• WORK REQUIRED: Copy out all the lines of the data that hold the word "Beige".

== DATA FOR ANALYSIS ==

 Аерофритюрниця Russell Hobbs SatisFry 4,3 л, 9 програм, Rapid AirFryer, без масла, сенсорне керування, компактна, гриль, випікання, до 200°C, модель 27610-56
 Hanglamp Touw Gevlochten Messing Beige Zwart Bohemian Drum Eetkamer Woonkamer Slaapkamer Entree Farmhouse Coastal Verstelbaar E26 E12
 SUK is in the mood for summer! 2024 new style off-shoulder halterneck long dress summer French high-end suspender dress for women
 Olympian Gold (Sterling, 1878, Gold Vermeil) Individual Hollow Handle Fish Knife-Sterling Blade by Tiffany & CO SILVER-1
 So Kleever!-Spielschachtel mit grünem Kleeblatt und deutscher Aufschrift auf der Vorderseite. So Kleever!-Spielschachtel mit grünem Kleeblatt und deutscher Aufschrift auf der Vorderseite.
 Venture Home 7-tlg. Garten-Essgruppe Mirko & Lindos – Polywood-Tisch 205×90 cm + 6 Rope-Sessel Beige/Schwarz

===
== DATA FOR ANALYSIS ==

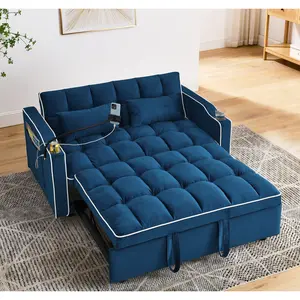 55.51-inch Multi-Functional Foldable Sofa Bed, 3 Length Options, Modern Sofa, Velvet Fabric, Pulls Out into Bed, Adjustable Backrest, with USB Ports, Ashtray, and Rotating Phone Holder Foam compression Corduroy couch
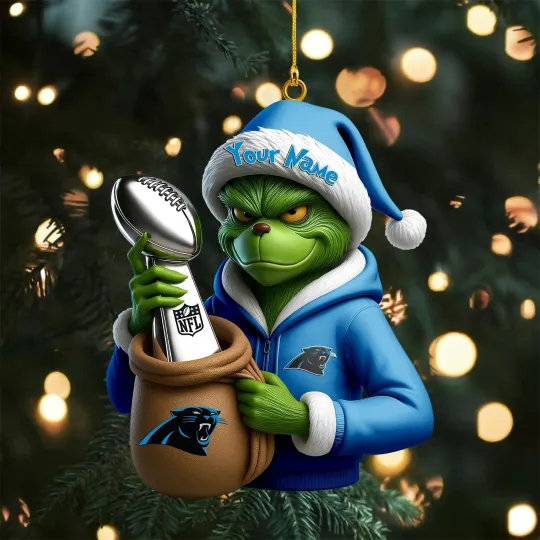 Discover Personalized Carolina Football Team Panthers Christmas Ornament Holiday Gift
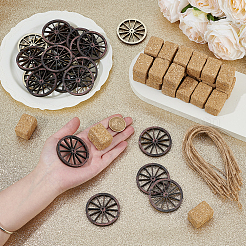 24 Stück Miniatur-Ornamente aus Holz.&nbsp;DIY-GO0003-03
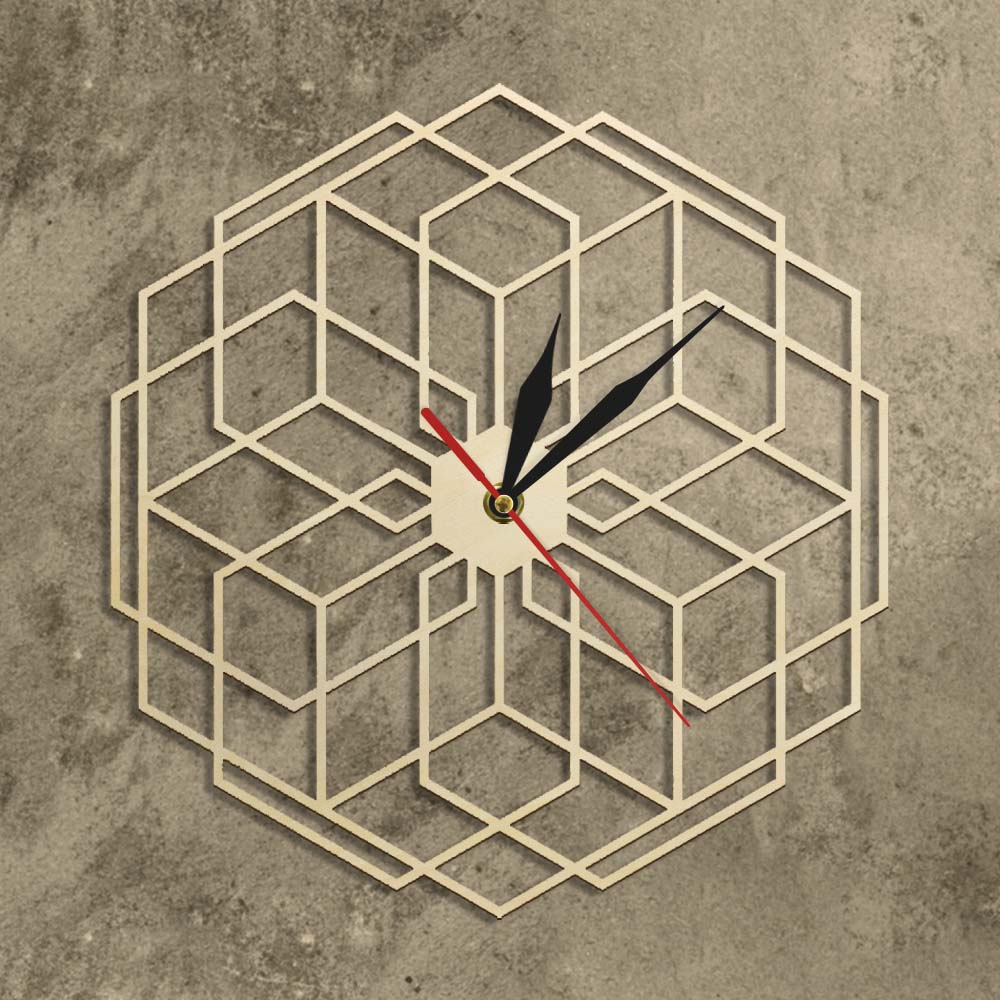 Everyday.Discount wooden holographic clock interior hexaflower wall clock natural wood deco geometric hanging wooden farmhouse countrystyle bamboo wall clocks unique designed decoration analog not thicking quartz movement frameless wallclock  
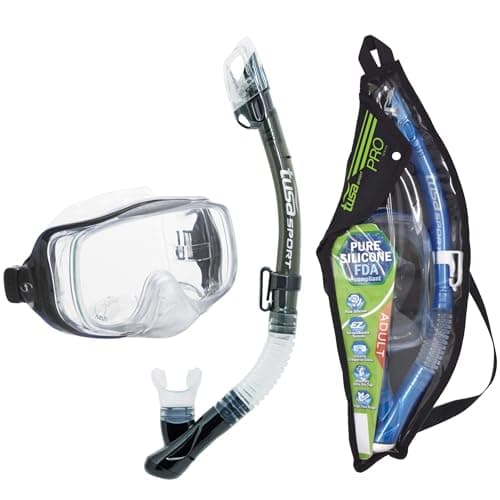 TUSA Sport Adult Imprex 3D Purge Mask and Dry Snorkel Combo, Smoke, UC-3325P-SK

===

• ANSWER TO THE PROBLEM:
 Hanglamp Touw Gevlochten Messing Beige Zwart Bohemian Drum Eetkamer Woonkamer Slaapkamer Entree Farmhouse Coastal Verstelbaar E26 E12
 Venture Home 7-tlg. Garten-Essgruppe Mirko & Lindos – Polywood-Tisch 205×90 cm + 6 Rope-Sessel Beige/Schwarz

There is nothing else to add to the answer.